**SUPPLIED INFORMATION:**
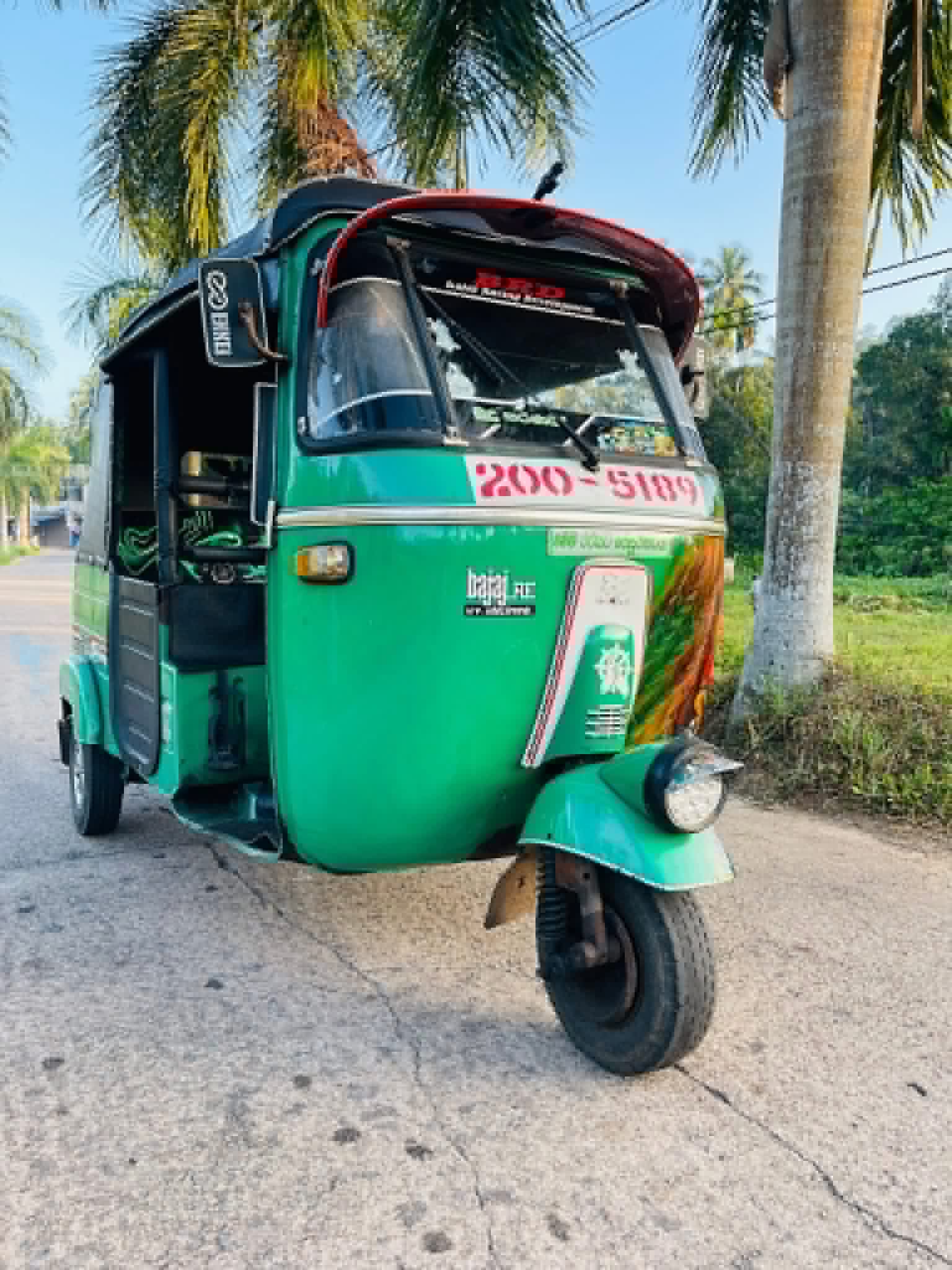 Bajaj Three Wheel 1996 - பயன்படுத்தப்பட்டது முச்சக்கர வண்டி sale in Sri Lanka - patpat.lk
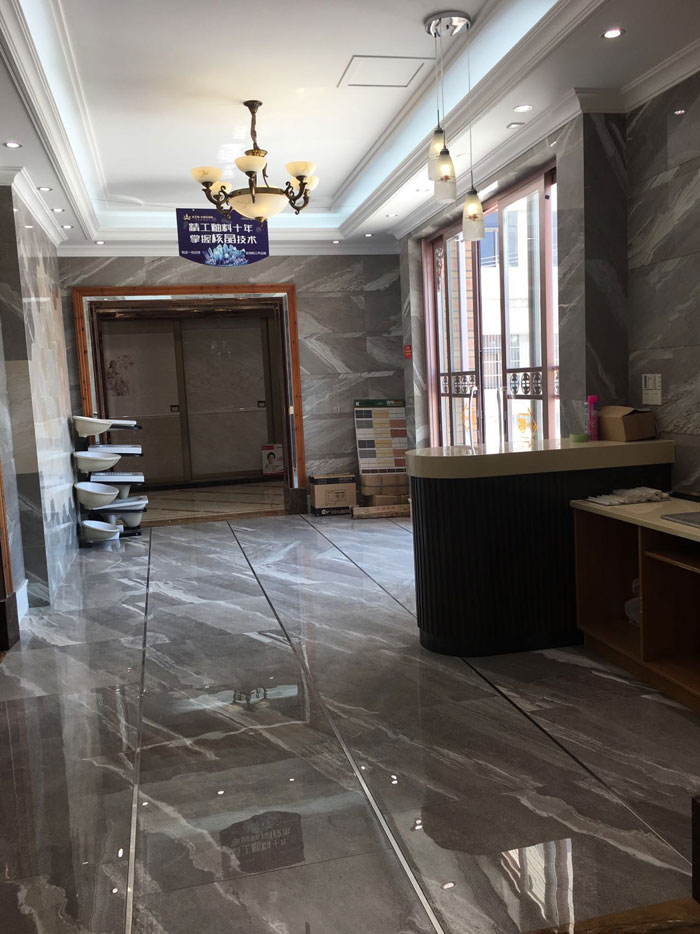 【專(zhuān)賣(mài)店推薦】陶瓷一線(xiàn)品牌金艾陶瓷磚潮南店實(shí)景鑒賞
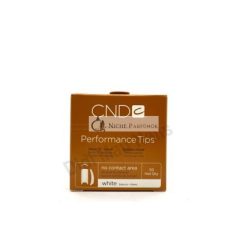   CND Performance White Tips for Acrylic UV Gel Size 1-10 50 Refill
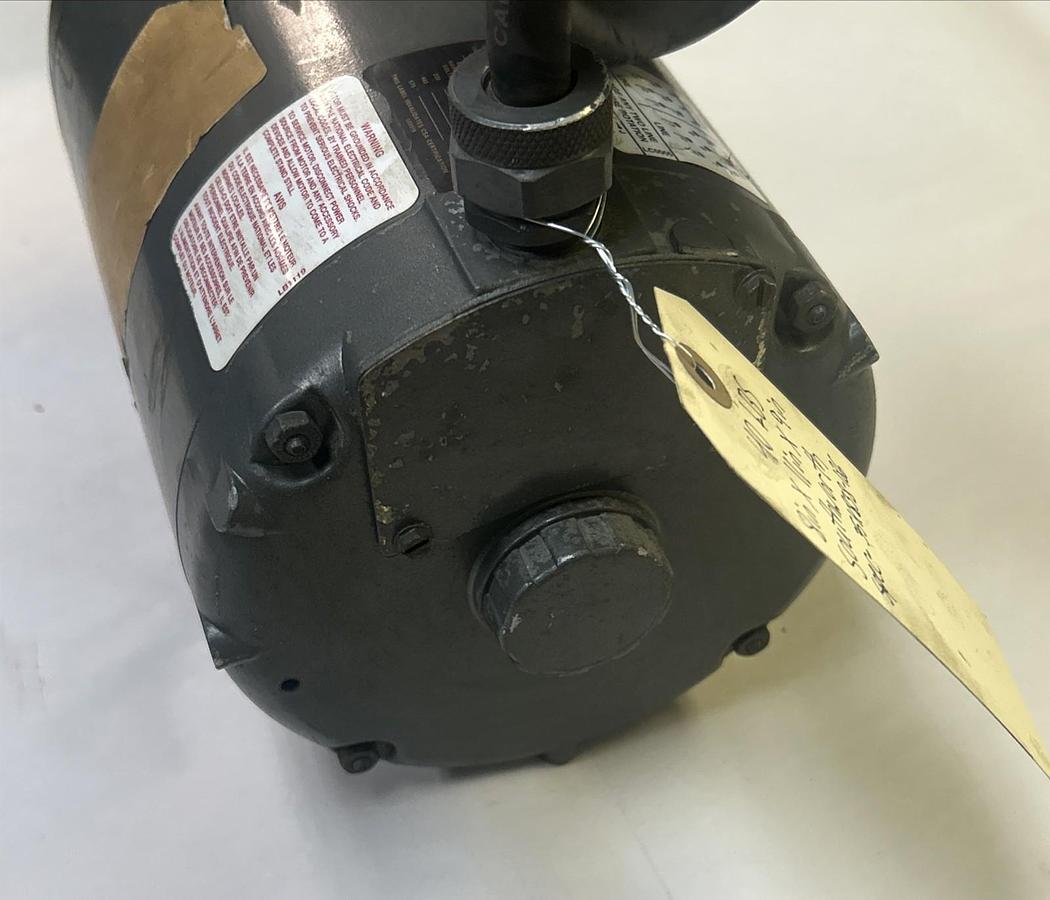 Used BALDOR,35K838-186,MOTOR 3.2HP 3450RPM 208-230/460V 56YZ FR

**PROBLEM REQUIREMENTS:**
Hand back the data above exactly, with no images.

**OUTPUT FOR THIS EXERCISE:**
 Bajaj Three Wheel 1996 - பயன்படுத்தப்பட்டது முச்சக்கர வண்டி sale in Sri Lanka - patpat.lk
 【專(zhuān)賣(mài)店推薦】陶瓷一線(xiàn)品牌金艾陶瓷磚潮南店實(shí)景鑒賞
   CND Performance White Tips for Acrylic UV Gel Size 1-10 50 Refill
 Used BALDOR,35K838-186,MOTOR 3.2HP 3450RPM 208-230/460V 56YZ FR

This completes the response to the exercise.